After more than three years without any capital punishment, seven criminals are believed to have been hanged last year. The authorities won't talk about it.

Evidence comes from tiny facts laboriously collected by anti-death penalty activists, commonly referred to here as abolitionists, and from indefatigable news organizations.

A limited confirmation will only emerge when the Ministry of Justice releases a dry statistical report on 1993 criminal activity in forthcoming months. Still missing will be places, dates, even the names of those executed.

The secrecy is in sharp contrast to the United States, the only other major economic power to legally maintain the death penalty. But unlike in America, where crime and punishment have become the national obsession, violence of almost any sort is almost unknown in Japan.
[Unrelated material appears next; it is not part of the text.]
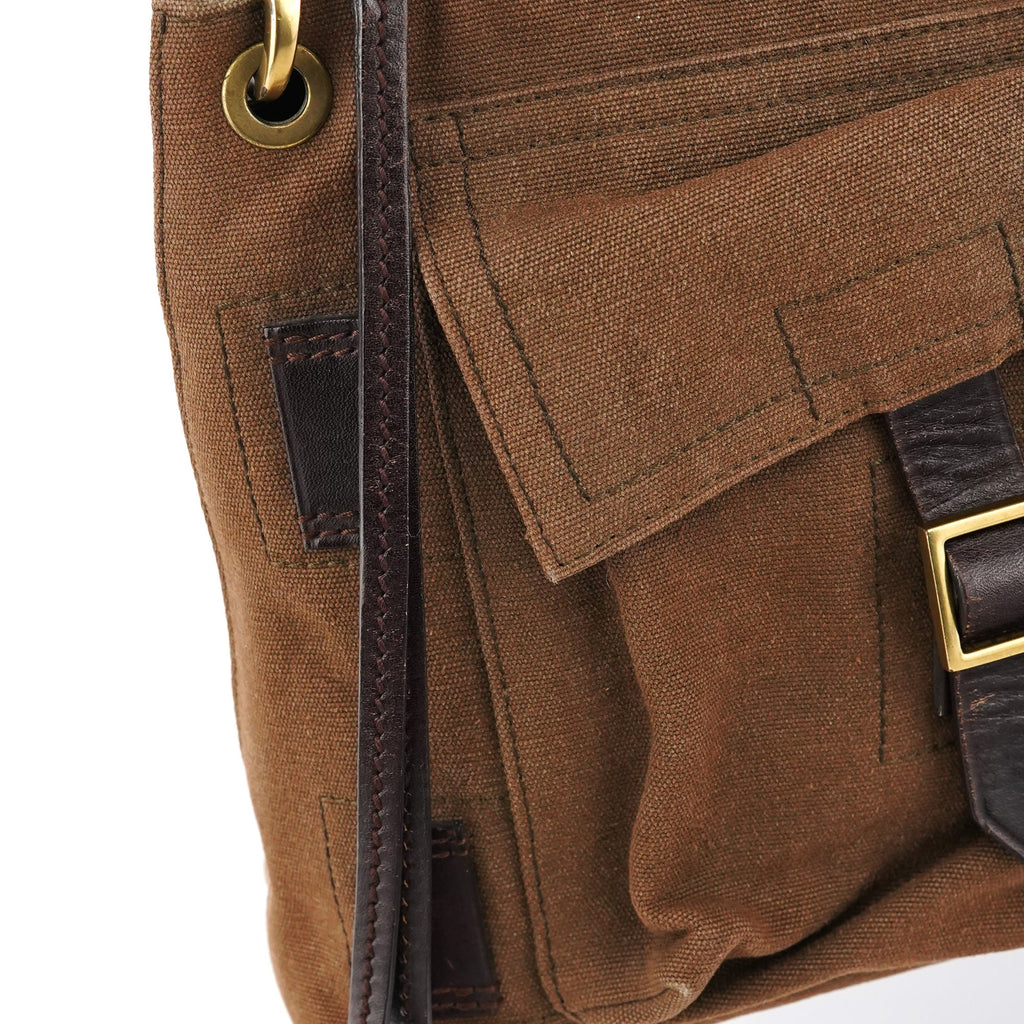 2003 Brown Canvas Leather Shoulder Bag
Capital punishment, among the most vivid forms of government-perpetuated violence, has long been wrapped in mystery.

Its recent suspension occurred without fanfare, and its presumed resumption has come without notice, epitomizing how the Japanese government quietly attempts to enforce accountability and cope with severe violations to public order.

"In Japanese society there has always been a feeling that a dangerous criminal who takes a life must take responsibility by losing his own life," said Ryuchi Nagao, a Tokyo University law professor. "Deterrence theory is less important than revenge or retribution."

This tradition extends beyond the courts to an internalized system of capital punishment. Suicide, after a serious violation of acceptable behavior, is an ancient and practically noble tradition in Japan.

"Social pressure is more important than incarceration. There is no tradition of carrying the burden." says Makoto Iwai, of Amnesty International, the London-based watch group that condemns capital punishment as an abuse of human rights.

While nominally there are 17 crimes for which death is a penalty, most of the 58 people thought to be awaiting execution, and 32 others whose sentences are being appealed, stand convicted of brutal multiple murders.

Among the seven thought to have been executed during the past year: Shujiro Tachikawa beat his mother to death with a concrete block to collect on a life insurance policy, then strangled a witness: his wife.

Kojimo Tadao was discovered in the midst of a botched safe-cracking burglary by a 7-year-old boy and the child's parents. He strangled all three.

Sakaguchi Toru and Deguchi Hideo were convicted of trying to mask an embezzlement scheme at work by killing two executives.

And so on.

They were all sentenced in the mid-to-late 1970s and spent a minimum of 14 years in jail before finally being sent to the gallows (the only approved method of execution).

Legal process shorter

The legal process is far shorter in Japan than it is in the United States where delays in execution are the product of endless appeals through the state and federal courts.

Why the lengthy period of incarcerations nonetheless occurs, despite provisions in the Japanese penal law encouraging speedy administration of penalties, is one of many unanswered questions.

No information is disclosed on the scheduling of executions. The silence, says Kauznori Goto, of the Justice Ministry's criminal affair's bureau, is "to protect other death-sentence prisoners, to maintain their emotional stability."

Similarly, the procedures for executions have never been

disclosed.

Several recently published accounts by former guards and exonerated prisoners describe a system where notification comes shortly before death.

In the morning, steps will be heard in the hallways. When a key turns in the lock of a cell, the others know that their time has yet to come. The one to be executed is given a good meal, fresh clothes, and the opportunity to write a letter. Then, in a small room with only prison personnel present, a rope is put around a neck, a trap door opened, and it is over.

Information on who has been executed in often thin or non-existent. For instance, evidence that Mr. Toru was among the most recently executed comes from a telephone message said to have been left for a family member.

Revealed by Amnesty

In 1989 another execution went undetected for four months. It was revealed when a letter from Amnesty International was returned to sender.

The Justice Ministry justifies this silence by saying it spares the relatives of the executed from associated shame.

Often this information can be determined by whether the name of a known death-row inmate has been removed from the koseki, the elaborate system that documents every Japanese citizen.

But even at this bureaucratic intersection between life and death, the information may never come to light because access to the registry is limited.